There are only two months left until the New York City marathon, and I am freaking out! You’d think after completing five marathons, four of which have been NYC, I’d be an expert at running 26.2 miles. The truth is, every year brings a different set of challenges and doubts.
This year’s: bouncing back from a running injury, working later hours than normal, and honestly, being totally unmotivated.
That’s why I was super excited that Andrew Kastor was in town this week. As coach of the Asics Editor Team (and husband of Olympic marathoner Deena Kastor!), he’s been our go-to guy for everything marathon related. Not to mention, he always has great advice.
So, this past Tuesday night, he led me, along with the other team members, on a short run (in the rain!) through Central Park. (Olympian Julie Culley even joined in our mini training session!)
The pace was a bit quicker than I anticipated—-I looked at my watch at one point and we were clocking about 8:40s (That totally let’s me know, I have not been pushing myself hard enough, because although the pace was challenging, I didn’t have any problem keeping up.)

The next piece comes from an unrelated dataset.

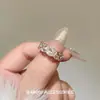 Anillo de Diamante Brillante de Artesanía Exquisita de Lujo Ligero, Moderno y Versátil, con un Diseño Sofisticado y un Sentido de Elegancia, Anillo de Diamante Brillante con Forma de Diamante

We did a series of drills (high knees, butt kicks, backwards running) and stretches (quad stretch, hamstring stretch, and warrior 1), all of which are meant to help increase speed, loosen up tight muscles, and keep injuries at bay. He even watched each of us run for about 100 yards and then analyzed our form.
I learned that I tend to look down when I run. (You’d think after six years, I would have broken that nasty little habit. Alas, it still plagues me.)
After our workout, we chatted about the race, how training was going, nutrition, running form (to be efficient, run tall and run relaxed, Kastor says), and how we should be treating ourselves to massages regularly to help our bodies recover. (Now that is what I am talking about!) A few other key pointers from Kastor:
Before we started our running drills, he had us swing our arms around to help shake out our shoulders. Apparently tight shoulders can lead to tight hips, and tight hips can lead to, yep you guessed it, injuries. “A simple rotation in the arm can cause a rotation in, say, the ankle,” explains Kastor. The result: biomechanical inefficiencies.
Sometimes I’ll run before work and then sit at my desk for hours. When I finally get up, my hammies feel super tight, and that’s because “sitting shortens your hip flexors, which in turn tightens your hamstrings,” says Kastor. His recommendation: Every hour, get up and walk around for about five minutes to stretch things out. (Feeling any other twinges? Find out how to injury-proof your run.)
Whenever I have a bad run it automatically turns into ‘I don’t think I can finish the marathon.’ Kastor says I need to start training my mind in addition to my body. “You have to give yourself positive affirmations,” says Kastor. “You have to see yourself at the finish line. If not, you are doing yourself and the rest of your training a big disservice.”